Investing 101
Why invest? Can’t you just save and leave your money in the bank account? Well, here are a few reasons why investing might be a good idea: Firstly, you’re going to need money when you retire. And secondly, if you don’t invest your money, the cash you have will lose its value over time because of inflation.
Guide
- Summary
- Set investment goals
- Save and invest now!
- Invest early to beat inflation and to benefit from compounding
- Invest consistently every month
- Invest in different products, not just one
- Balance returns (how much you’ll make) with risk (the chance of you losing your money)
- Avoid high fees
- Don’t sell in a panic
- Don’t take on debt to invest
- Beware of scams
- Infographic
10 Things to know
- Before you get started, set some investment goals
Set some financial goals for yourself. This will help keep you focused on saving and investing your money. You can use our savings goals calculator to help you.

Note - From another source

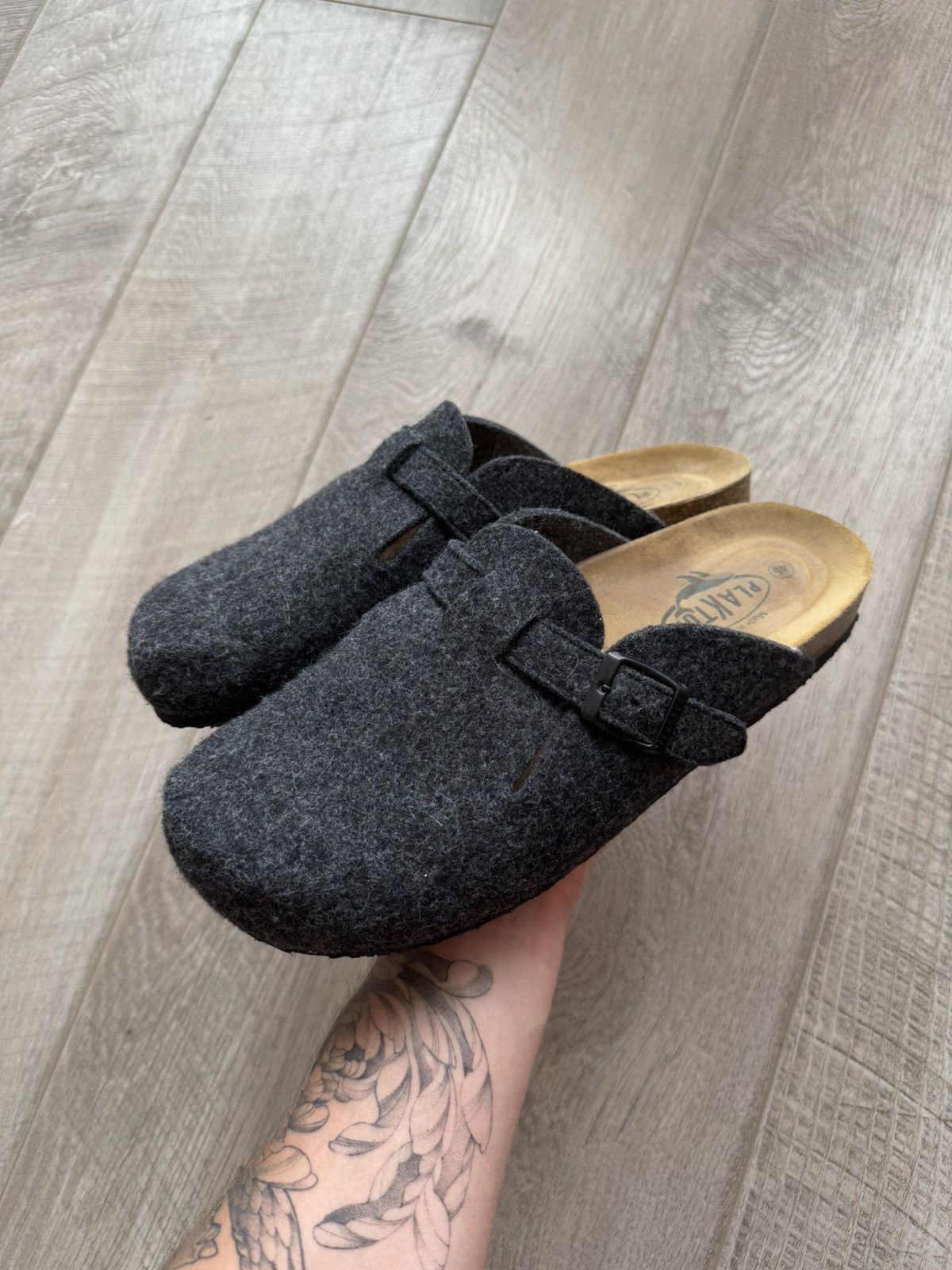 Vintage Plakton Wool Closed Slippers Made In Spain Size EU 45 Size US 11 / EU 44 - 1 Thumbnail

Here are some common examples of investment goals and timeframes:
Investment goals Timeframe Amount you need Amount you need to save monthly to achieve that goal Buying your first car Buying a house – down payment Paying for your dream wedding Saving up for your children’s education Retirement - Save and invest now!
Start by saving at least 5-10% of your salary! The day your salary comes in, take aside 5-10% of the total and save it. If you earn RM2,500, then you put aside RM125-250 or whatever you can afford to start with.

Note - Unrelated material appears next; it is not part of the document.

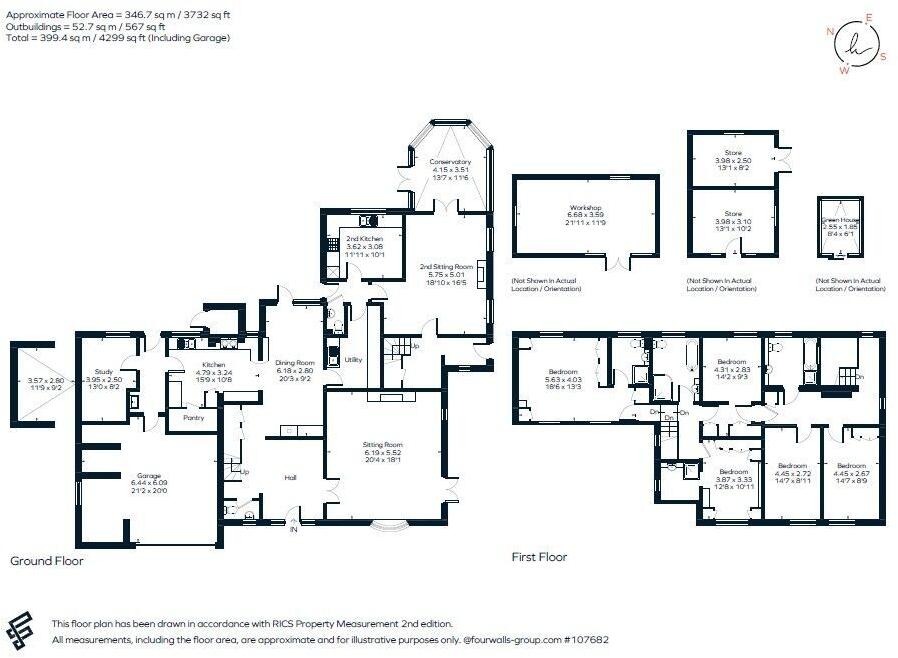 Leven House, Lymington Bottom Road, Medstead, GU34  floorplan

Now to make your savings work for you, you need to invest it. There are many investment options available including Fixed Deposits, EPF,Amanah Saham, REITS,ETF,Unit Trust Funds, and Stocks.
- Invest early to beat inflation and to benefit from compounding
Why?
Because compounding matters.
When you invest, you benefit from compounding. Compounding allows you to grow your savings more quickly. The sooner you start investing, the quicker your money will grow.
Feeling brainy?
Imagine you’re earning a 3% return on RM1,000 after one year, the result is just RM 1,030. Now, imagine you leave the money there and you earn another 3% that year. You do this for the next 50 years. Guess how much you’ll have in the bank?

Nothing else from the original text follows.